Henderson, along with Ireland team-mate and fullback Jacob Stockdale, are two players whom Lions coach Warren Gatland will be considering ahead of announcing the squad next week to tour South Africa in the summer: any personal thoughts on the matter in respect of the two players superseded by Ulster team concerns in Leicester tonight.
So how would Henderson assess this Tigers team? “Big English pack, scrum and maul,” he smiled before adding “not to go back on stereotypes! We’ve looked a lot, not my area of expertise, at their kicking game to [when they] then maul penalties, looking to get [more] penalties.
“So we know we have to be big on our set-piece there, big on kick chase, ensuring we resource our rucks after good kicks from them. Obviously they have great kick threats, big ball carriers in the backrow. We’ve got a lot of areas we need to fix up that we didn’t get quite right last week.
“If [Jasper] Wiese or [Nemani] Nadolo or Ellis Genge, or any of those big boys get carrying with momentum like Connacht did [last weekend in the Rainbow Cup match], they will have a good day against us. What we need to do is sort our stuff out, fix what we needed to fix [after] Connacht and hopefully then we’ll be able to nullify those threats.”
Ulster head coach Dan McFarland has made five changes to the team that lost to Connacht. Props Eric O’Sullivan and Marty Moore return to the frontrow, Alan O’Connor is named alongside Henderson in the secondrow, while Jordi Murphy will wear the number seven jersey. Matty Rea retains his place following a fine performance last weekend.
There is just one change to the backline with Stuart McCloskey resuming his centre partnership with James Hume. Michael Lowry and Will Addison, who returned to competitive action against Connacht following 15 months on the sidelines through injury, is part of a strong bench that includes former All Blacks scrumhalf Alby Mathewson.
Borthwick has chosen a strong team, reflected in the fact that England scrumhalf Ben Youngs and Argentine secondrow Thomas Lavanini are on the bench.
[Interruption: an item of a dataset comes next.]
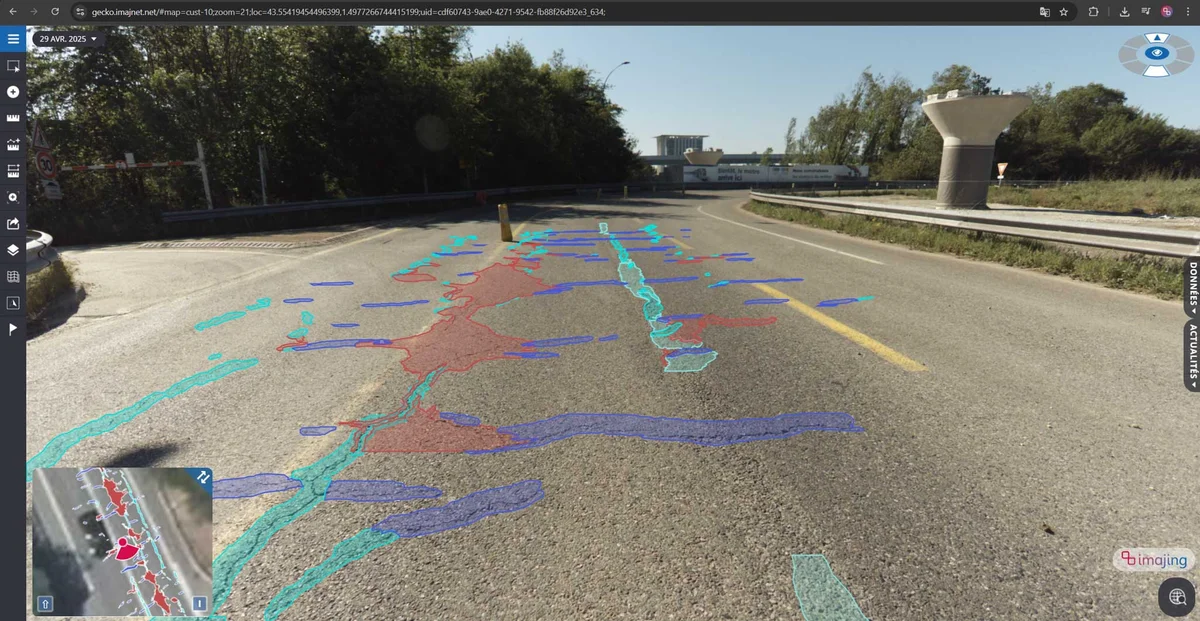imajnet Gecko: detected pavement distress overlaid on the immersive image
Nadolo scored two tries when introduced against the Northampton Saints last weekend and it’ll be interesting to see how Robert Baloucoune copes with the sheer physical challenge that the Fijian imposes.
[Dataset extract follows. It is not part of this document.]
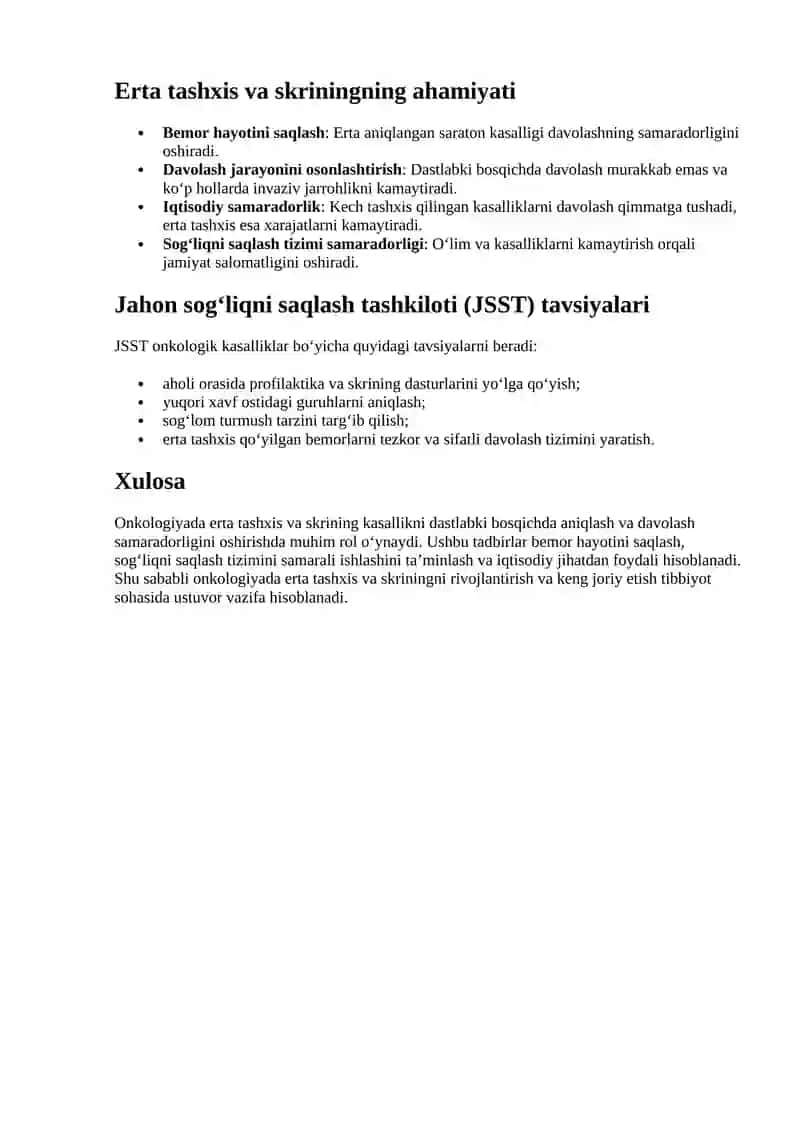ONKOLOGIYADA ERTA TASHXIS VA SKRININGNING AHAMIYATI 2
There is no place in the Leicester matchday squad for a couple of Irish underage internationals Johnny McPhillips and Dan Kelly who have featured regularly this season.
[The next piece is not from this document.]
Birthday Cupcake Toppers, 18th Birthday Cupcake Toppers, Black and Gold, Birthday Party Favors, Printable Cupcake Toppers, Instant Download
McPhillips played in the Irish 20s side that reached the World Junior Championship final against England in 2016 and Kelly, currently studying at Loughborough University, was part of the unbeaten Irish 20s in the 2020 Six Nations and should be a member of the Irish squad for this season’s tournament which takes place in June.
Ulster are looking for a third consecutive victory over English opposition on the road in the knock-out stage of the tournament. They have won seven of 10 matches against the Tigers in Europe including the last time the sides met at Welford Road.
The visitors will need to iron out the performance creases of last weekend, some mental in terms of concentration and application, others of a more technical nature that included some of the backline passing.
At their best Ulster have produced some excellent rugby and performances this season and that’s exactly the standard that they are going to have to reach to be successful. It’s about cutting out the mistakes, being hard-nosed and unrelenting and ultimately taking enough opportunities, all of which is within their compass.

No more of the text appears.